Clamping to satisfy an inequality without messing up grads

sherlock.h · August 24, 2024, 5:16pm

Hello!

I have two tensors, x (B,) and y (B, N, N). Each matrix in y is theoretically guaranteed to have a real eigenvalue. I require x to always satisfy 1 + x.mul(minimum_real_eigenvalue(y)) > 0.

Basically, I’m going to use x_cond = x.clamp(...) or x_cond = torch.min(...) in downstream tasks.

Any ideas? Thank you!

lucasegidio1 · August 24, 2024, 6:11pm

clamp and min will make your gradient vanish, indeed.

Maybe Softplus (with a beta>5) would be a better alternative?

sherlock.h · August 25, 2024, 4:59am

What I am currently doing is something like this:

eigenvalues = torch.linalg.eigvals(y)
r_eigenvalues = torch.where(~torch.isreal(eigenvalues), 1.0, eigenvalues.real)
min_eigenvalues = r_eigenvalues.min(-1).values
x_cond = torch.where(x.mul(min_eigenvalues).add(1) > 0,
                     x,
                     min_eigenvalues.mul(-1).pow(-1) - 1e-5)

Meaning that I am not exactly using min or clamp. My problem is that when I introduce this into the code instead of leaving x (which is a learnable Parameter) unbounded, I get an exploding gradient problem, even though when I inspect the values of x I find them reasonable (on the order of 1e-1 or 1e-2).

How would you introduce Softplus here?

lucasegidio1 · August 25, 2024, 10:45am

Hum, so let me ask a couple of questions to get more intuition on your problem.

By doing r_eigenvalues = torch.where(~torch.isreal(eigenvalues), 1.0, eigenvalues.real) are you assuming that the real eigenvalue is strictly less than 1.0? Because if it is not, the min call in the subsequent line will not pick an eigenvalue but the 1.0 you added with where.

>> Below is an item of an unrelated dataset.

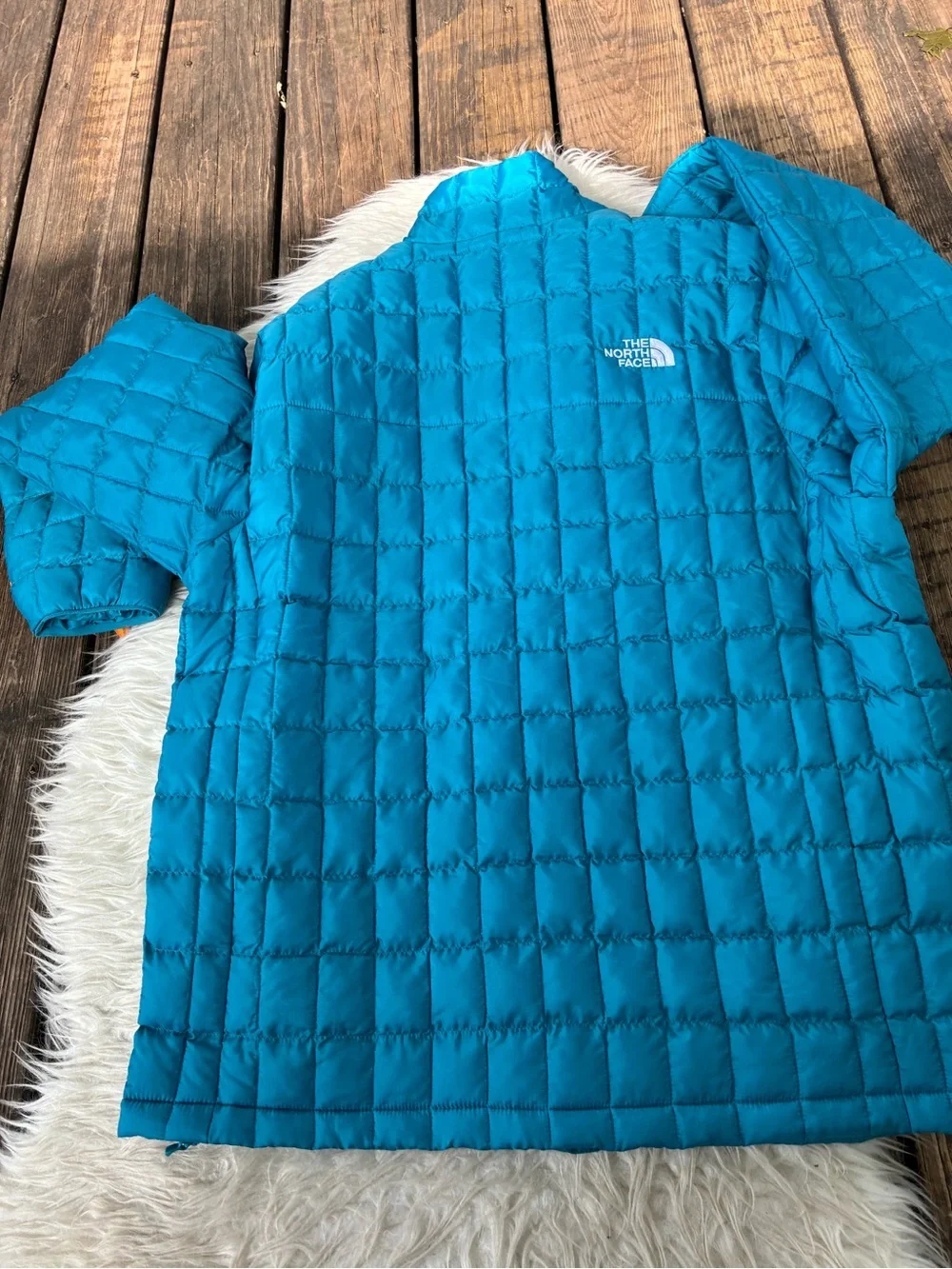 🌺NWT $210 The North face thermal insulation jacket in digital steel size LARGE🌺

And do you really care only about the real eigenvalues? Or would it also work for minimum real part of all eigenvalues or the minimum singular value?

Well, if your answers are “yes” for both, I think you could do something like

import torch


B = 2
N = 3

leaf = torch.ones(1, requires_grad=True)  # just to create a graph

x = torch.tensor([-2.0, 1.0]) * leaf
y = (
    torch.tensor(
        [
            [
                [-0.2671, -0.0748, -0.1718],
                [-0.1510, 0.2960, -1.6154],
                [-0.0786, -1.6944, 0.9237],
            ],
            [
                [-0.7459, -1.0099, -0.2937],
                [-0.4803, -0.8911, -0.3678],
                [0.3982, -0.7645, 0.7407],
            ],
        ]
    )
    * leaf
)


eigenvalues = torch.linalg.eigvals(y)
r_eigenvalues = torch.where(~torch.isreal(eigenvalues), torch.inf, eigenvalues.real)
min_eigenvalues, _ = r_eigenvalues.min(-1)

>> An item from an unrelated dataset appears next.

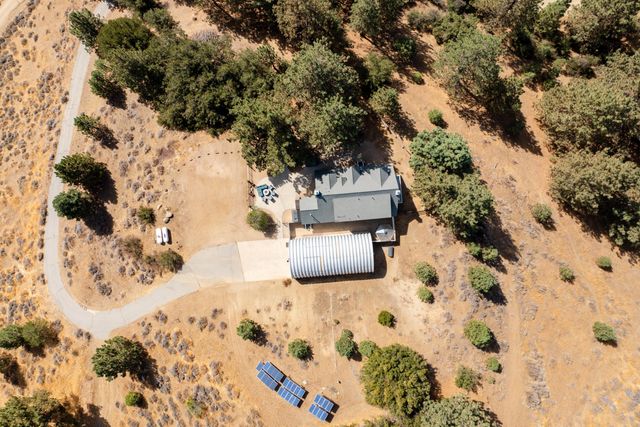 16930 Grindelwald Drive, Tehachapi, CA 93561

softplus = torch.nn.Softplus(beta=5.0)

x_cond = (softplus(1 + x.mul(min_eigenvalues)) - 1) / min_eigenvalues

print(1 + x * min_eigenvalues)  # [ 3.2149, -0.5520] <- unconstrained x violates condition
print(1 + x_cond * min_eigenvalues)  # [3.2149, 0.0123] <- constrained x_cond doesn't

x_cond[1].backward()
print(leaf.grad)  # got a non-zero grad

Then you use x_cond instead of x in whatever downstream operation you perform. Note that the constraint is not tightly active due to smoothness of Softplus. You can make it tighter by increasing beta but you may run into vanishing gradients. An alternative would be to use a LeakyReLU instead of Softplus, but the constraint may be slightly violated.

sherlock.h · August 26, 2024, 5:51am

Thanks lucas! Using softplus as a max proxy is a neat trick.

My choice of 1 in the first torch.where rested on the fact that any real eigenvalue > 1 will pass the test, since x > 0 always, which, in hindsight, I should’ve specified in the OP! I also wanted the subsequent 1 / min_eigenvalues to not yield any weird nan or inf (had I chosen 0 instead of 1) that could mess up the grads, even though they would be in the discarded section of torch.where. Paranoia, basically.